“Let us be dauntless to the point of madness.”
Was Ukrainian anarchist Nestor Makhno an out-of-control bandit as Trotsky claimed, or was he a major significant force against both the White Russians and later the Bolsheviks? The phenomenal book Nestor Makhno-Anarchy’s Cossack: The Struggle for Free Soviets in the Ukraine 1917-1921 by Alexandre Skirda examines Makhno’s extraordinary–seemingly buried and forgotten–life and his role in Russian history.
In this incredibly well researched book, Skirda traces Makhno’s humble beginnings as a Ukrainian peasant of Zaporog Cossack stock and his valiant attempts to create a social revolution in Russia in the early tumultuous years of the 20th Century. In 1906, Makhno joined an anarchist group in his hometown of Gulyai-Polye and became involved in militant activities against state oppression. By the time he was 18, Makhno was imprisoned on a variety of charges, and several members of the anarchist group were executed. Makhno, however, began a prison sentence and served nine years until he was released in March 1917 following the ousting of the Tsar. During these nine years, Makhno’s health was severely compromised, but he used the time to access the prison’s extensive library. He also learned that “intellectual and political bigwigs” were granted preferential treatment in the prison system and maneuvered themselves into positions as “masters and governors.”
Upon his release, Makhno quickly became involved with the organization of the Gulyai-Polye Peasants’ Union. Makhno’s goal, to establish Free Soviets (soviet=council) included the elimination of prisons, the establishment of a free press, and the creation of communal life through the “collectivization of the land, factories and workshops.” Makhno envisioned a life “without masters or slaves, with neither rich nor poor.” The region moved towards social revolution when land was reclaimed from wealthy landowners, but soon German-Austrian troops occupied the Ukraine, and found sympathizers with the disenfranchised bourgeoisie and feudalists. As a result, Makhno became a high-profile insurgent wanted by the authorities. And so began Makhno’s amazingly bold guerilla life.
By late 1917, as the situation in Russia unraveled, the country was on the brink of a civil war. White Russians occupied the Ukraine. As a witness to the incredible, mind-boggling brutality and excesses of the White Russian army, Makhno recognized the need to rid the Ukraine of the Whites, and organized the Makhnovist Army–a “vast insurgent movement.” Swallowing the idea that the Bolsheviks could be trusted, he “placed the revolution’s interests above ideological differences” and joined forces with the Bolsheviks against the White Russian army. Makhno had not yet grasped the “monstrous amorality … of Bolshevik politics.”
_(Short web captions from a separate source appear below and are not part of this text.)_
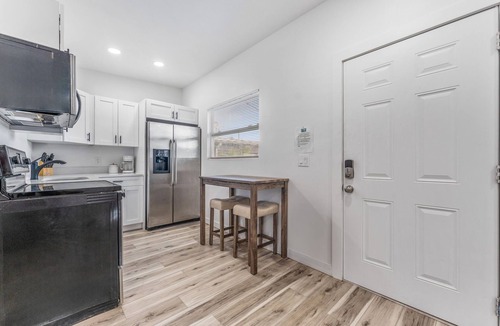 Pinecrest West Park Apartment | Lounge Getaway – Minutes from Buccaneers Stadium, Airport & Entertainment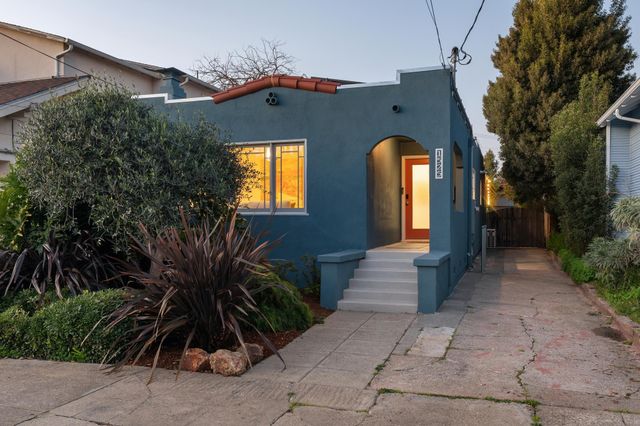 1525 Tyler St, Berkeley, CA 94703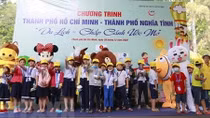 HCM City offers free tours to disadvantaged children, adults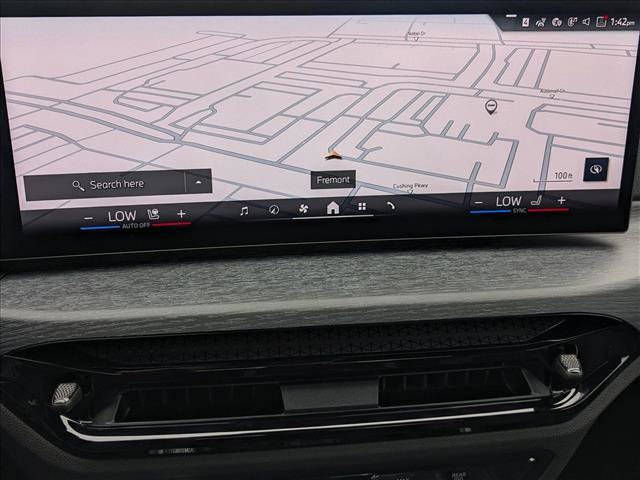 Used 2025 BMW 330i Sedan w/ Convenience Package image 13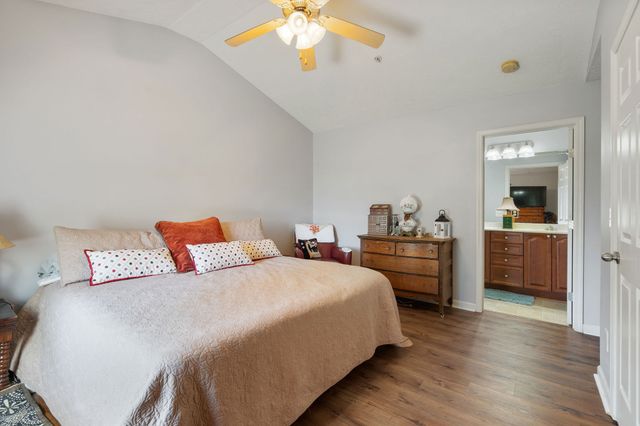 2360 Highway 31 W Apt 104, White House, TN 37188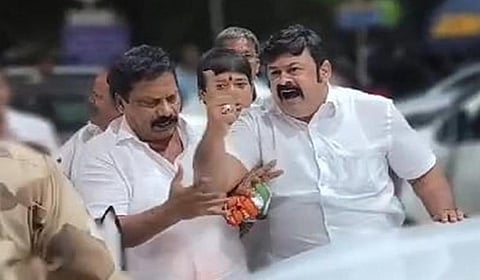 கோவை விமான நிலையத்தில் மோதல்: காங்கிரஸ் கட்சி தேசிய செயலாளர் மீது வழக்கு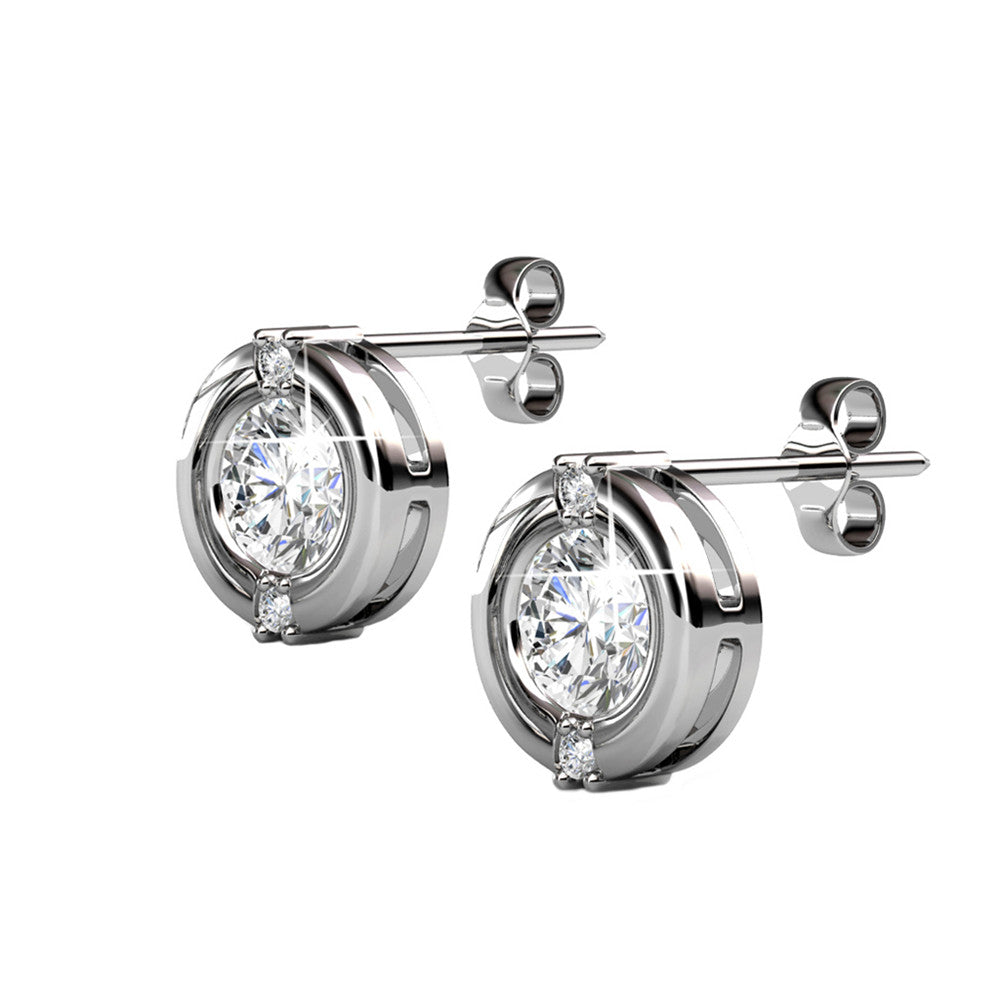 Classic Crystal Earrings DE0037 by Veecans Jewellery with crystals from Swarovski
Skirda follows the treachery of the Bolsheviks–who, fearing Makhno’s power and refusal to bend to Bolshevik ideology, practically stopped the civil war several times in order to shift to the elimination of Makhno. This is a portrait of an incredible man–a methodical, strategic thinker, and a fierce warrior. The master of the surprise attack, Makhno grasped how to turn the odds (small numbers of men who were vastly outnumbered) into an advantage. On one occasion, he even dressed as a woman, and once when wounded, he was scooped up by two of his men on horseback. The two men held their rifles to each other–forming a cross, and the wounded Makhno, crouching on the crossed rifles escaped from the enemy.
For anyone interested in the Russian Revolution, this book is a fantastic, unforgettable read. The author wisely includes sections on the history of the Ukraine and the Cossacks, maps, analyses of major battles, Makhnovist documents and several black and white photographs. Each chapter is followed with notes on the text. Packed with incredible details of the major battles, Skirda presents nothing less than an exciting history of a man who seized his moment in time. Skirda also clarifies several points–for example, he explains the origins of the term “White Russian”–the volunteer army under General Kornilov sported white ribbons to distinguish themselves from the enemy. Skirda also emphasizes that the anti-monarchist White Russian, General Kornilov, was the man who ordered the arrest of the Tsar and his family, and thus it’s clearly understood that the term “White Russian” does not automatically mean monarchist. Major figures from the Russian Revolution appear throughout the text–General Denikin (Kornilov’s successor), Baron-General Wrangel, Lenin, and Trotsky. Entire Red divisions deserted the Bolsheviks and defected to Makhno’s cause, and Skirda details it all–the slaughter, the treachery, the shameful history, and the ensuing myths as history is cleaned up for the classroom. Masterfully and smoothly translated by Paul Sharkey.